By analyzing existing cross correlation between JetBlue Airways Corp and Xingyuan Environment Technology, you can compare the effects of market volatilities on JetBlue Airways and Xingyuan Environment and check how they will diversify away market risk if combined in the same portfolio for a given time horizon. You can also utilize pair trading strategies of matching a long position in JetBlue Airways with a short position of Xingyuan Environment. Check out your portfolio center. Please also check ongoing floating volatility patterns of JetBlue Airways and Xingyuan Environment.

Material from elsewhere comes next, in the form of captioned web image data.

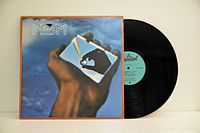 Front sleeve and vinyl record showing label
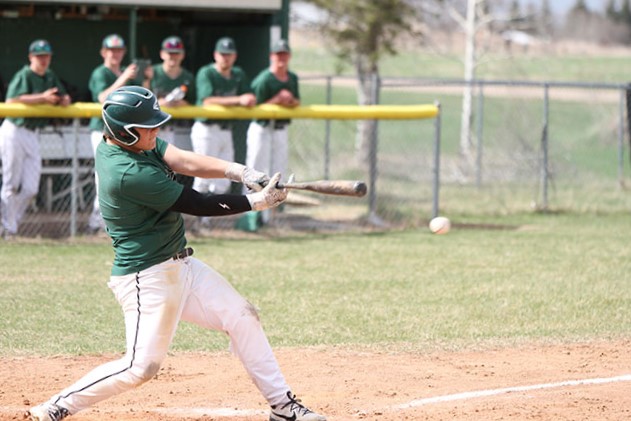 Photo by Chad Koenen
Asher Blaine rips a bas hit during a Frazee regular season game.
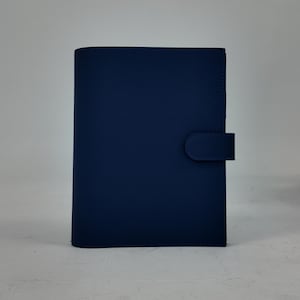 Peut inclure: Un journal en cuir bleu marine avec une surface textur&eacute;e. Le journal a une fermeture &agrave; rabat incurv&eacute;e sur le c&ocirc;t&eacute; droit. Le fond est gris clair uni.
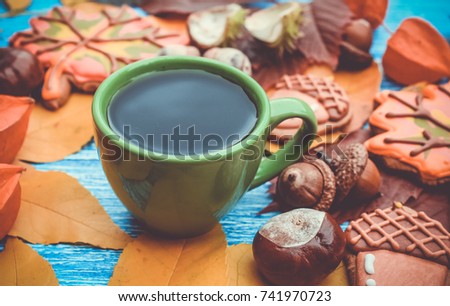 maple, chestnuts leaves with cup of coffee or tea on wooden table.Thanksgiving day style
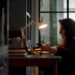 A woman works at a desk by lamplight in Believe in Magic: The Mother of All Cons on ABC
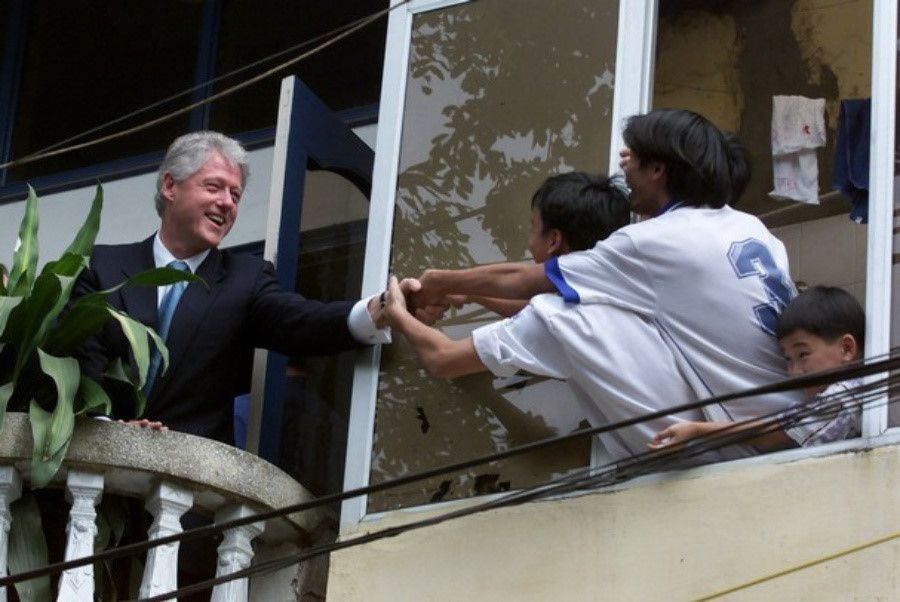 Ông Bill Clinton đến Hà Nội với tư cách tổng thống Mỹ đầu tiên thăm Việt Nam sau chiến tranh và là người quyết định bỏ cấm vận, bình thường hóa quan hệ song phương. Trong ảnh, Tổng thống Clinton bắt tay người dân từ ban công một ngôi nhà sau khi thăm Văn Miếu Quốc Tử Giám. Ảnh: AP.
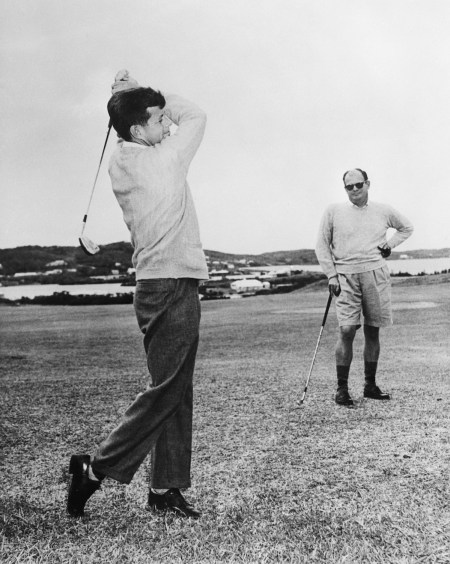 Following his election to the Senate in 1952, John F. Kennedy visited in Bermuda where he displayed a keen interest in golf, playing on the Riddell's Bay Golf & Country Club course with his then host, Mr. Oliver Brooks (right). | Location: Bermuda.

Diversification Opportunities for JetBlue Airways and Xingyuan Environment

-0.65
  Correlation Coefficient

Excellent diversification

The 3 months correlation between JetBlue and Xingyuan is -0.65. Overlapping area represents the amount of risk that can be diversified away by holding JetBlue Airways Corp and Xingyuan Environment Technolog in the same portfolio, assuming nothing else is changed. The correlation between historical prices or returns on Xingyuan Environment and JetBlue Airways is a relative statistical measure of the degree to which these equity instruments tend to move together. The correlation coefficient measures the extent to which returns on JetBlue Airways Corp are associated (or correlated) with Xingyuan Environment. Values of the correlation coefficient range from -1 to +1, where. The correlation of zero (0) is possible when the price movement of Xingyuan Environment has no effect on the direction of JetBlue Airways i.e., JetBlue Airways and Xingyuan Environment go up and down completely randomly.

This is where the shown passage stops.